Do you surf mp3car.com much?
Edit - Just saw you got the 619...how do you like it? Does it fit well with the dash?

_Modified by Mill3niumThr33 at 10:58 PM 2-15-2007_

Well, I had the via C3 8000, and 10000 and Jetway amd Geode board. Wit the Azuntec soundcard, only the Geode system has been fast enough to restore from hibernate quickly, play videos, and launch iGuidance without lagging and my soundcard.
I think your planned system is way overkill. You're going to have a lot of system noise and heat. You need very little actual processing power. You also have to remember that the more ram you have, the longer the system will take to enter and exit hibernation.
As for the 619, it's not a bad unit but quality is a little lacking. The xeneric screen is supposed to be THE screen for in-car pc. I can't complain. As long as you are gentle, you should be fine. You'll also have to do custom work with the dash as it seems the snap-in bezel has been in "production/R/D" for like two years"
Also, 64-bit is useless in the in-car enviroment.
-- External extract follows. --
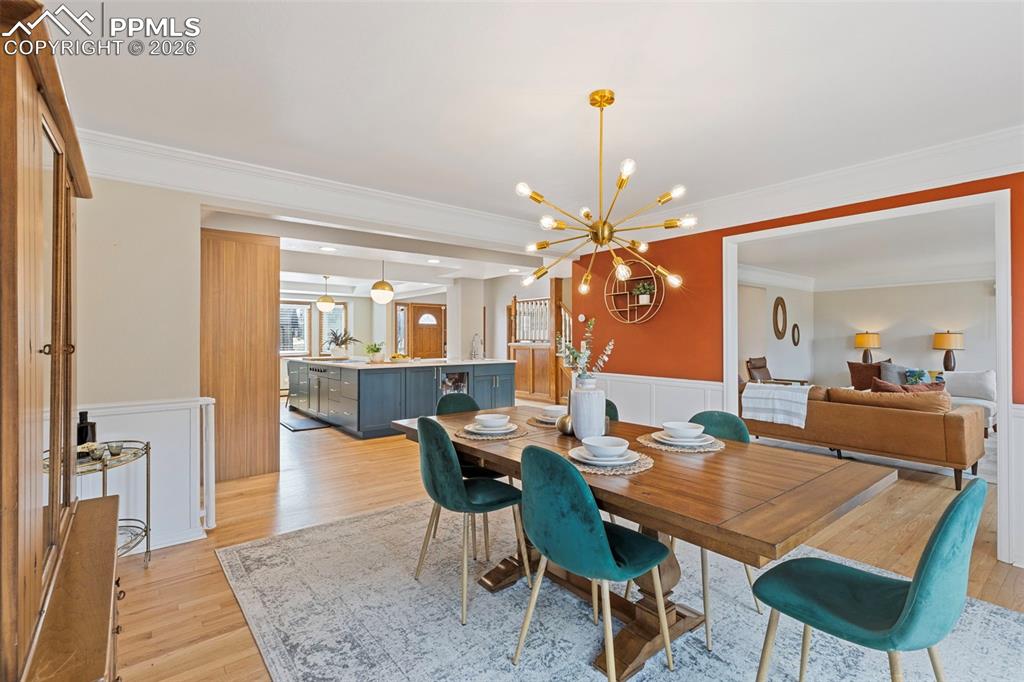 Image 20 of 48: Dining Area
Heck, it's useless on the desktop enviroment as well.
mp3car has some great info, it's just often very slow.
One more very sexy pic:


----------



## Mill3niumThr33 (Jan 11, 2006)

*Re: (pwnt by pat)*

Yep its overkill but its built from spare parts I had and a 30 dollar mobo







Where are you doing most of your shopping for the system?


_Modified by Mill3niumThr33 at 12:35 AM 2-16-2007_


----------



## pwnt by pat (Oct 21, 2005)

Ha, if it cost you maybe $50 then it's not bad. Plus you can get some 115v outlets in the car mounted up front too.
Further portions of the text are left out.